I hope the new and increased support we have been fortunate to receive continues even as the limited media attention on the Asian community moves on. I hope funders increase their understanding of Asian needs as they increase their commitment to racial equity by simply listening to Asian serving organizations and their leaders. However, given that these experiences are the exception, not the rule, CEP’s report on the trend of AAPI nonprofit leaders reporting a less positive experience with foundation funders than nonprofit leaders of other races/ethnicities and the finding that foundations continue to overlook nonprofits that serve the Asian community should not come as a surprise.

How do foundations genuinely change those metrics? How does philanthropy truly reach those they want to serve and ensure that new or renewed commitments to racial equity make real-world impact?

First, there needs to be more representation in the ranks of philanthropy. It is easier to connect with someone who has a shared experience. Most of my career, I was the “only.” I rarely met an Asian leader of an organization or someone like me working at a foundation. That is why a few years ago, one of the few Asian leaders I knew and I started an Asian leadership group with me, dubbed the A-Team both to represent “Asian” and after a favorite TV show growing up! My A-Team cofounder is now a senior program officer at a large Boston-based foundation. Foundations need more people like him at the table so he can open doors and inspire others to join him there.
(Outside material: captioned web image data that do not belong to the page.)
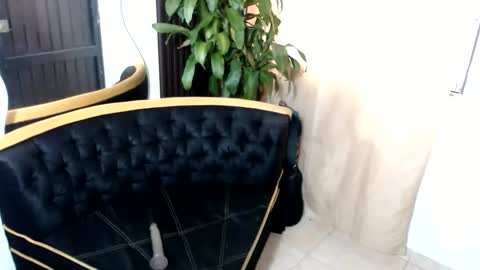 Snapshot of tammycooperr_ chatting on February 9, 11:58 am tammycooperr online show from February 9, 11:58 am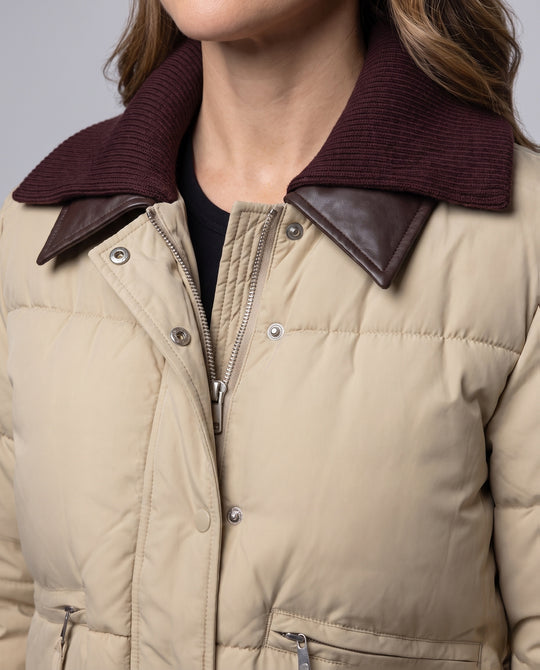 Product 15966034755914 - close_up_detail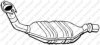 BOSAL 099-144 Catalytic Converter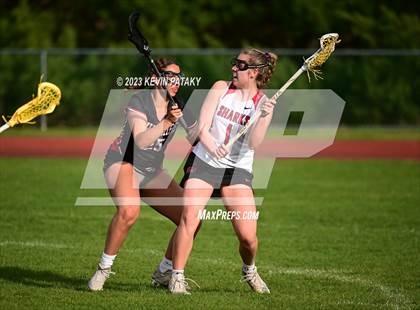 Thumbnail 3 in Cheshire @ Sacred Heart Academy photogallery.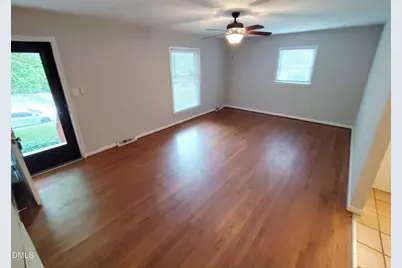 1720 Euclid Road, Durham, NC 27713 - Photo 3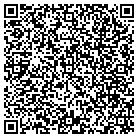 QR code with Bruce A Miller & Assoc contacts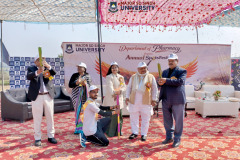 WhatsApp-Image-2026-02-05-at-6.14.23-PM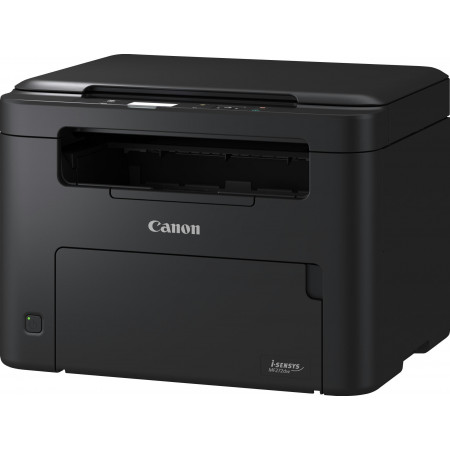 МФУ лазерное Canon i-SENSYS MF272dw (5621C013) черный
He can also share his knowledge of working class Asian and immigrant communities with his colleagues.

His move into philanthropy also gave me the opportunity to join BCNC and to learn more about my own Asian roots and the needs of Asian immigrants today. My mainstream life and education did not teach me much about the history of Chinese, Japanese, Korean, or Southeast Asian immigrant communities in the United States. But I have been quickly learning. I knew of the model minority myth but did not know the history deeply and how it is used as a wedge against other minorities or how it makes Asians even more invisible. That brings me to my second point:  foundation staff who want to truly invest in a broader understanding of DEI work, inclusive of AAPI communities, should take learning upon themselves. Read Ronald Takaki’s Strangers from a Different Shore and Ellen D. Wu’s The Color of Success: Asian Americans and the Origins of the Model Minority, as a start.

Finally, to return to my first charge to philanthropy, while the sector commits to racial equity, signs pledges, and reflects on evaluations like CEP’s Overlooked report, it should go beyond those steps — go deeper. Make sure your equity work really is inclusive. Understand the Asian ethnic groups in your communities and listen to them.